The human gut is well colonized by a wide variety of bacteria. In the industrial nations, the stomach and small intestine have a sparse flora protected by gastric acid and a highly propulsive motility. The flora of the small intestine increases along its length and particularly in the terminal ileum (Drasar & Hill, 1974). The large intestine has a very rich, mainly anaerobic, flora capable of fermenting carbohydrate and protein, and metabolizing a wide and diverse range of endogenous and exogenous molecules such as bile acids, fats and drugs. In the less-developed countries the small intestine has heavier populations of bacteria and these may be a factor in the higher occurrence of diarrhoea and malnutrition (Gorbach et al. 1970; Gracey, 1979). The interactions between nutrition and the intestinal microflora are complex.
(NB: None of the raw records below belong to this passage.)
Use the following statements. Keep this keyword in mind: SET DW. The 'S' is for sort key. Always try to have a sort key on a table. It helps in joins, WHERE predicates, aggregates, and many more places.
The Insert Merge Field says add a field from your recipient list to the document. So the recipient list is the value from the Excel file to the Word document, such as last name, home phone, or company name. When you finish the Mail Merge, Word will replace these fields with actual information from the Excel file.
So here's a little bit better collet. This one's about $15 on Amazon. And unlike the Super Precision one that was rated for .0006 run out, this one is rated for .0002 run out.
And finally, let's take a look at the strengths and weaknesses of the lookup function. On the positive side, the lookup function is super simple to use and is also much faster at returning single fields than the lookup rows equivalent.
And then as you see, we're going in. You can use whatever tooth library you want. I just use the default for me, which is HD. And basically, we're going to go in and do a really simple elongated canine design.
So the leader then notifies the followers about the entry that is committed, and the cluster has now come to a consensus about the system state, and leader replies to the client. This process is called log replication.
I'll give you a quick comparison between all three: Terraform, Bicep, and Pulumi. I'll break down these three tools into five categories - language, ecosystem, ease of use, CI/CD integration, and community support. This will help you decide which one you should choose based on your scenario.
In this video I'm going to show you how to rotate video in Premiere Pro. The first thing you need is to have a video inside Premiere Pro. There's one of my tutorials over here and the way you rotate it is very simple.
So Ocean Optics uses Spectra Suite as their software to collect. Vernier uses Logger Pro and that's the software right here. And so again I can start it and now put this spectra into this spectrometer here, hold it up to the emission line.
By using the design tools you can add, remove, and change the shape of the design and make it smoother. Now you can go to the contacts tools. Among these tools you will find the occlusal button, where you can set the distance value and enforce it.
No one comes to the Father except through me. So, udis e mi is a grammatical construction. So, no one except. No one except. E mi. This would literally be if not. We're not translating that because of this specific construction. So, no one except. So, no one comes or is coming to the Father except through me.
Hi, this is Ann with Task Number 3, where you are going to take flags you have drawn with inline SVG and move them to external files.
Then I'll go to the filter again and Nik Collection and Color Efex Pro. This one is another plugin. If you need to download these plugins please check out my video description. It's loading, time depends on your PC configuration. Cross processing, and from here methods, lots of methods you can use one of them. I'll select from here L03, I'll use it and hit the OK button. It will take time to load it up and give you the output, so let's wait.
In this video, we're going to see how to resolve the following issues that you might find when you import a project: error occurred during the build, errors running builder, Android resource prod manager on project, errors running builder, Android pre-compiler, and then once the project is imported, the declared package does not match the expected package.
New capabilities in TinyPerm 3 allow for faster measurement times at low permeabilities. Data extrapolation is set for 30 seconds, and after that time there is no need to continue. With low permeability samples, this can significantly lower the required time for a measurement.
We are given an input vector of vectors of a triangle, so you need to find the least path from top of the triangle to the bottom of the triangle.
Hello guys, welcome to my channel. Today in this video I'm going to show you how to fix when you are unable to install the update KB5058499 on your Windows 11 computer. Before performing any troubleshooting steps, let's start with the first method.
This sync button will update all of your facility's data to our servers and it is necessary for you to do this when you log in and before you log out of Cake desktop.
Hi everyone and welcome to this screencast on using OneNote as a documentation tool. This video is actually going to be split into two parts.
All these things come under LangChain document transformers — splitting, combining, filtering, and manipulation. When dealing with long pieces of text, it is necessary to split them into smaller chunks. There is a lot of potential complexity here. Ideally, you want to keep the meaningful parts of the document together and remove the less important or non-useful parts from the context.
Bacteria in the gut may affect digestion and absorption, the products of bacterial fermentation may provide nutrients or affect the well-being of the host, but diet may also affect the survival and metabolism of the bacteria. The products of bacterial metabolism may be beneficial, for example butyrate which may have anti-neoplastic properties (Augeron & Laboisse, 1984), or they may be potentially harmful, for example bile acid metabolites which may be co-carcinogenic (Owen et af. 1987). The interaction between the intestinal microflora and nutrition begins at birth and changes with age and disease.